Chris S. (Zillow Help Center)
Sep 12,8:49 AM PDT
Hi again,
Thank you for the follow-up.
For the first and second question, we are trying to let you know that our Zestimate is not actually a value that is pertaining to or for comparative market analysis. This is just an estimate that is being calculated based on the data, sales records, tax information and the home facts (Bedrooms, baths, square footage); a starting point value of the home. The Zestimate algorithm models are constantly updating to provide the very best starting value of a home given the data that we have available. This is the reason why we do not use or accept appraisals for the homes, on Zillow, because it's important that the Zestimate algorithm be consistently applied to all properties in a similar manner by using the same data points for every property. An appraiser physically inspects the property and takes special features, location, and market conditions into account.

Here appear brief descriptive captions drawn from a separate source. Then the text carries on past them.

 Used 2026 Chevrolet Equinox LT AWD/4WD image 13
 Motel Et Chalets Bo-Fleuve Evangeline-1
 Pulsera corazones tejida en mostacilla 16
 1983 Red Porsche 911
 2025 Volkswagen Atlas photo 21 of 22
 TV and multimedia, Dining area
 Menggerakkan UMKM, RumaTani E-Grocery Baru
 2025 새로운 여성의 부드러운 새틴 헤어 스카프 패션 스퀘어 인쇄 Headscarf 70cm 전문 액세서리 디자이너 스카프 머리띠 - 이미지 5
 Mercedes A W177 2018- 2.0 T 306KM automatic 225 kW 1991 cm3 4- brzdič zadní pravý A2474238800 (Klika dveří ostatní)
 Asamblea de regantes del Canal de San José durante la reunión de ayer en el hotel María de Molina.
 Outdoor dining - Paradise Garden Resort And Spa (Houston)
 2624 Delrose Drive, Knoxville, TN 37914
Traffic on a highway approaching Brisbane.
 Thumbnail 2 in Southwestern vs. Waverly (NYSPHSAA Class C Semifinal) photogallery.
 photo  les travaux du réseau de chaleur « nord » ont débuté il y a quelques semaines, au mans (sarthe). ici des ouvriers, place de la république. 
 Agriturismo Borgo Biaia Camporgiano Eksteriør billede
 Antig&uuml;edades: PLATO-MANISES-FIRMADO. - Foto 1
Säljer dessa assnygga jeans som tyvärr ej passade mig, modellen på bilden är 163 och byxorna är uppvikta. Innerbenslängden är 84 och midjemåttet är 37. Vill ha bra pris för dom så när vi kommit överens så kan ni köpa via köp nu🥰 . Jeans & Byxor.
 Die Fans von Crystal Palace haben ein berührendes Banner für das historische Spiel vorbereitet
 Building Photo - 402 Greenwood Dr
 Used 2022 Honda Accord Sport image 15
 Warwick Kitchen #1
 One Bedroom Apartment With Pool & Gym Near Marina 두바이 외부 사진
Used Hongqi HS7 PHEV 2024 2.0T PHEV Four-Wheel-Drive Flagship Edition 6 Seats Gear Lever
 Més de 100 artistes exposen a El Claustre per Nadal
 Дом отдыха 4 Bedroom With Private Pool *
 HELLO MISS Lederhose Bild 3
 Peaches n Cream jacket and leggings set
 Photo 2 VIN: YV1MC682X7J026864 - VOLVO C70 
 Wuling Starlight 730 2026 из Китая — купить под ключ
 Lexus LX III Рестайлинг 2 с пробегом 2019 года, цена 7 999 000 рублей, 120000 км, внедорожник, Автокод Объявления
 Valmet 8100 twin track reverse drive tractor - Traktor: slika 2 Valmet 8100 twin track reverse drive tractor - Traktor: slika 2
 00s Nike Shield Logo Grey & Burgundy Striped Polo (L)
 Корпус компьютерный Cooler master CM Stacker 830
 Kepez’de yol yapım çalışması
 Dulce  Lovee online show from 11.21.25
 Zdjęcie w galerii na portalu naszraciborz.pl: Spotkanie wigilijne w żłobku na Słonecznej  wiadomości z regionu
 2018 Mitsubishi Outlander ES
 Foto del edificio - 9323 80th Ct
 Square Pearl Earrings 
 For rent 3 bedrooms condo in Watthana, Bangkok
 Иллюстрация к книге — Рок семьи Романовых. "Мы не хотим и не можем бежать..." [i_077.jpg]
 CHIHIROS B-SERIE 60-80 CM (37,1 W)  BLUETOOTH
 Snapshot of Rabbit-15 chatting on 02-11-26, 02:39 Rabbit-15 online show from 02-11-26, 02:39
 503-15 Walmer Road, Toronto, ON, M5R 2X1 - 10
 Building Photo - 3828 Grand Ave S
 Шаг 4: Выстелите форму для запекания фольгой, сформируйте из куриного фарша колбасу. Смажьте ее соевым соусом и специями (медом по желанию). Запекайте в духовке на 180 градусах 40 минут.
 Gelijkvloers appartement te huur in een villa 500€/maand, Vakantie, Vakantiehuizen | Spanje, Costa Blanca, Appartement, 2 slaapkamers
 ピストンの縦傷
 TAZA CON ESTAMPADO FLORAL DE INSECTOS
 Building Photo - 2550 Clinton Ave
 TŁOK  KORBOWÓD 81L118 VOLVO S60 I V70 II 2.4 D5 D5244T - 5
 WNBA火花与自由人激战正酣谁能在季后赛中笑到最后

We do not factor these details into our Zestimate.
The current Zestimate is $140,368, the last time I have checked the property page, the Zestimate was $139,460. This is the calculation based on the data we have from the property page. You may look at Zestimate history & details to know how it was calculated.
For the third question, since thousands of data points go into the Zestimate calculation, it is difficult to pinpoint a specific reason for the difference in Zestimate between your home and your neighbor's home.
To name a few possible reasons:
-Quality of the homes (materials, upgrades)
-Floor plan/structural layout might be correlated with the values
-Past transaction history
-Tax assessments
You may check them on the home page you are referring as the identical unit of your home, so you would have the chance to compare and know the difference in the home facts.
For the fourth question, what you see is the Private Zestimate. This can only be seen by the home owner and you have that because you have the chance to edit your comps. But it will not be publicized because the comps that appear on our property pages are computer generated.
Lastly, be noted that Zestimate cannot be manually edited or removed from the home page. The only thing that will change it is by updating the home facts or any incorrect data that you see on the home page. Again, we don't mean this estimation to be an official appraisal.
Thank you for understanding this matter.
Thank you for using Zillow.
Chris S.
Consumer Care Advocate
https://zillow.zendesk.com/hc/en-us
App User
App User
Sep 11,5:24 PM PDT
This is a follow-up to your previous request #******* "Zestimate inquiry"
Hi Chris,
I understand most of your note but where I'm still confused is the following:
1) The local realtor says my property is about $180K
2) Zestimate says $140K
3) The identical unit next door to mine has a Zestimate of $148K
3) If I use the Zillow "View my Comps", it gives $241K
4) In the 2 years before you changed your algorithm my property Zestimate went from $146K to $176K, and then in one month, the month your new algorithm started, it dropped to $121K, a drop of $55K or 31%!
7/6/16 146,500
12/24/16 165,017
2/15/17 167,913
4/10/17 175,520
8/1/17 121,055
As so many people make use of Zillow when hunting for a home, it is really not right to present my home as $140K when it is likely between $175K and $200K.
Can you do anything to correct the public online Zestimate for my property.